Lanji is a statutory town in the Lanji tehsil of Balaghat district in Madhya Pradesh, India. It is administered by a nagar panchayat, and is part of the Lanji assembly constituency and the Lanji community development block.

Lanji is located close to the Madhya Pradesh's border with Chhattisgarh and Maharashtra. It is located approximately 62 km from the district headquarters Balaghat. It is home to the Koteshwar Shiva temple, Gangli-raja (a site of the Gondwana Kingdom), the Lanji Fort (site under archeological survey of India) and a very beautiful waari dam is situated about 10 km distance from lanji.

== History ==

Lanji was earlier known as Lanjika, and was ruled by a branch of the Kalachuris of Ratnapura. During the Mughal period, it was a mahal (administrative division), as mentioned in the Ain-i-Akbari. Before the formation of the Balaghat district in 1867, it was a pargana (administrative unit).

== Demographics ==

|The Lanji Nagar Panchayat has population of 13,558; including 6,837 males and 6,721 females.

Hindi is the major language spoken here; notable minority languages include Marathi and some rural languages. Lanji is home to migrants from other areas, including from Chhattisgarh in east, Maharashtra in south, and other parts of Madhya Pradesh in north.

== Geography ==

The Lanji tehsil is situated on the border of Madhya Pradesh with Maharashtra and Chhattisgarh. The land includes plateau, forest, and the Maikal Hills.

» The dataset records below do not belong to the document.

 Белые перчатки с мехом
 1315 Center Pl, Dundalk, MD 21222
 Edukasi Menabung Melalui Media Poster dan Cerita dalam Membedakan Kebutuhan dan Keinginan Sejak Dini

A local pond shaped like the number "52" is called "Bawan talab" ("52 talab") by some locals.

== Education ==

Lanji has several schools, including

- Government Model Higher Secondary School Lanji
- Saket Public School Lanji
- Central India Academy Lanji
- Pali Academic Institution, Bisoni, Lanji
- Sarswati Shishu Mandir, Lanji

== Economy ==

Rice is the main crop in Lanji, and seed is sown at the beginning of the rainy season in June–July.

== Tourism ==
Notable tourist places in and around Lanji include:

- Lanji Fort & Temple
- Lanjkayi Temple
- Koteshwar Temple
- Balaji Temple
- Gangli Raja
- Lodama Waterfall
- Beautiful natural lake view point at Waari (about 10 km from lanji)
- Sai Temple at Kakodi (About 7 km from lanji)
- Son river is main source of tourism and cropping

== Lanji Fort (Lanji Ka Kila) ==
Lanji Fort (also known as Lanji Ka Kila) is a historical fort located in Lanji, Balaghat district, Madhya Pradesh, India. Built in the 12th century by Raja Malukoma, the fort is an important symbol of Rajput architecture and medieval defense systems. It is known for its massive stone walls, intricate carvings, and a deep moat that once contained crocodiles for security. Inside the fort, there is an ancient temple dedicated to Princess Hasla, who is revered for her bravery and sacrifice. The fort also has religious significance due to the Mahakali, Vishnu, and Ganesha temples nearby. Although the fort is now in ruins, it remains a site of historical and cultural importance and is protected by the Archaeological Survey of India (ASI).

== Politics ==

Lanji is administered by a nagar panchayat.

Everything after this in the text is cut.